I had all these thoughts while I was sitting there in my car; why didn't I just stay near the dentist and have some late lunch? I could have gone shopping and leisurely walked around World Market, or maybe found an alternate route down to Culver City so I could have dinner with my husband after he got off work.
But I kept coming back to the same thing. "No point in imagining the what-ifs. I am here now. There is no getting out of it..."
Seriously, no way out. I was stuck.
And just as I was thinking that, an ad came on the radio - which up until that point had been going straight in one ear and out the other. I couldn't even enjoy my favorite songs. - Some local news channel was going to monitor one woman's heart rate/vitals during her daily commute to see how the stress of driving in LA impacted her health.

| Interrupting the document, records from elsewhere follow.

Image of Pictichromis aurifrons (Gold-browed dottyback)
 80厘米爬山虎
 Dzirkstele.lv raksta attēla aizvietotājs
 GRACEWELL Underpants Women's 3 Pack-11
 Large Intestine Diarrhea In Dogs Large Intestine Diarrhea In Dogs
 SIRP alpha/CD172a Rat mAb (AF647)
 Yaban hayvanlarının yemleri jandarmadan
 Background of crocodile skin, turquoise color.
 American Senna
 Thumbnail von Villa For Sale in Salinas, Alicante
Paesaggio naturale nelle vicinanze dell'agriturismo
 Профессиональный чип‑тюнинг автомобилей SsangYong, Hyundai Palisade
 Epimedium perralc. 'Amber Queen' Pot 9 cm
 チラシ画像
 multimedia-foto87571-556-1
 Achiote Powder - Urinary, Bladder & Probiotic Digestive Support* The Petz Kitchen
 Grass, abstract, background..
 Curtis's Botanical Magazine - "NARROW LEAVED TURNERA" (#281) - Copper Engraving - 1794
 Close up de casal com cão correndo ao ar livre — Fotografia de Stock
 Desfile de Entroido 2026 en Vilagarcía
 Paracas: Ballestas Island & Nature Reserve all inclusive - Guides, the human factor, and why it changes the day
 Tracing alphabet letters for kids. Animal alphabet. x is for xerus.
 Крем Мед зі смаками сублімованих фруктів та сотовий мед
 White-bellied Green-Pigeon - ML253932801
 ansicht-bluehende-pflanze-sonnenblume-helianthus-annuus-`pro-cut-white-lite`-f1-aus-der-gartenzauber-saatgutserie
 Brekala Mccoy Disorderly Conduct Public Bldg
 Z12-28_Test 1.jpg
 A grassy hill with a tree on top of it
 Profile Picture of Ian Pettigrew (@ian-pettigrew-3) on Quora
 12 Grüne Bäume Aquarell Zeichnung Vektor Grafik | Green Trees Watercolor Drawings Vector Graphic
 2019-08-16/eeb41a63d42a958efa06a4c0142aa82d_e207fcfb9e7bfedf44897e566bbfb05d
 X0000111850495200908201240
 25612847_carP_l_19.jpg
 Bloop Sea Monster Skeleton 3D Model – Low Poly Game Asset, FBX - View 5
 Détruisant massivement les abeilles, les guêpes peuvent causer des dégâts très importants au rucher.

And there I was sitting in my car, heart beating so hard in my chest I thought for sure you could see it, and I remembered that I have more control that I was allowing myself.
After unfurrowing my brow (it's a daily battle against aging), I took a slow intentional inhale - felt the air enter and fill my entire body - followed it up with an easy relaxing exhale, and repeated.
With each slow and intentional breath, I could actually feel my heart beat slow. It stopped pounding with such ferocity and settled back into my chest.
I was almost on the freeway now. With each lane that merged with ours, traffic moved a little bit faster. Once I was actually on the freeway, I was home in less than half an hour.
I know I've talked about the power of breath before - how in our most stressful times, we can take a mental step backwards, shut off our brains for a moment and revitalize ourselves with breath, but yesterday was one of the purest reminders of that. Even when we feel totally out of control, we can bring ourselves back to center.